With an eye on speeding the rollout of wireless services in rural areas, the FCC unanimously adopted a proposed rulemaking Wed. with a wide range of possible changes, asking how to make unused spectrum available to new users and provide access to capital and equipment. The proposal also raised the possibility of allowing wireless operations with higher power levels to enter less densely populated rural areas. It tentatively concluded the cellular cross-interest rule should remain in rural service areas (RSAs) with 3 or fewer competitors, but would remove the limit in other RSAs.
Mobile satellite service (MSS) providers were generally united in their opposition of petitions for reconsideration by wireless interests, requesting that the FCC move to dismiss them. Cingular and CTIA had asked the Commission in July to act on the order authorizing the use of ancillary terrestrial components (ATCs) with MSS systems, expressing concern that FCC-imposed gating criteria designed to ensure substantial satellite service weren’t adequate (CD July 9 p5).
The FCC said it had accepted applications to participate in a Sept. 24 auction for narrowband PCS licenses from Marco Polo Wireless and Space Data Spectrum Holdings. The bidding involves 6 regional PCS licenses for which upfront payments are due from bidders Aug. 26.

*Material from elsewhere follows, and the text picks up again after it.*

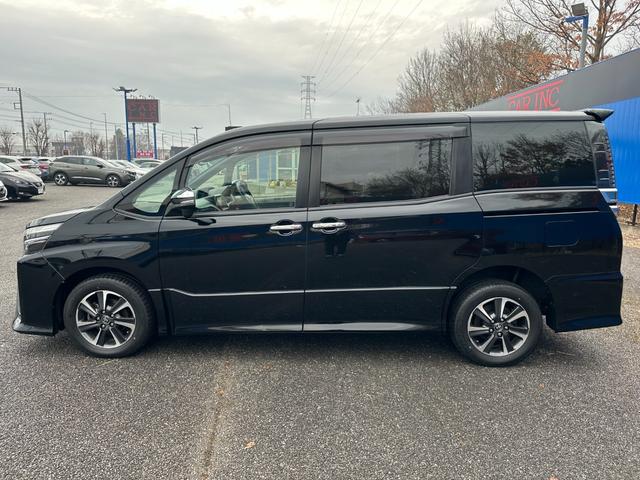 ヴォクシー ZS 煌III 4WD 両側パワースライドドア 純正SDナビ Bluetoothオーディオ フルセグTV バックカメラ ステアリングスイッチ レーンアシスト オートクルーズコントロール クリアランスソナー ETC20(9枚目)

The FCC Wireless Bureau turned down as moot a request for grace periods by General Wireless Inc. (GWI), which sought additional time for the first round of quarterly installment payments due on its PCS licenses. GWI was an original C-block bidder that entered Chapter 11 bankruptcy protection after the PCS auctions and became involved in litigation similar to that of NextWave. In 2001, the U.S. Supreme Court turned down an FCC request to review a 5th U.S. Appeals Court, New Orleans, ruling that sided with GWI on the $166 million valuation of its licenses, which was just a fraction of its original bid. The carrier had bid $1.06 billion for the spectrum in 1996 for 14 PCS licenses. GWI submitted its down payments on time and received the licenses in 1997. As part of payment plan restructuring that the FCC undertook in 1997 and 1998 to help C-block licensees that ran into financial trouble after the auctions, the Commission had extended to 90 days an original 60-day nondelinquency period for payments due when obligations resumed. A letter to GWI from the bureau’s Auctions, Finance and Market Analysis Branch said the company had opted to resume payments for all of its spectrum under the terms set by an adversary proceeding in bankruptcy court. “The suspension of payment deadlines and the process of considering and adopting financial relief for all C-block licensees provided a period of well over a year in which no payment was required of GWI,” the branch said. “Given this suspension of the installment payment obligations that are the subject of the instant grace period requests, GWI’s grace period requests are moot.”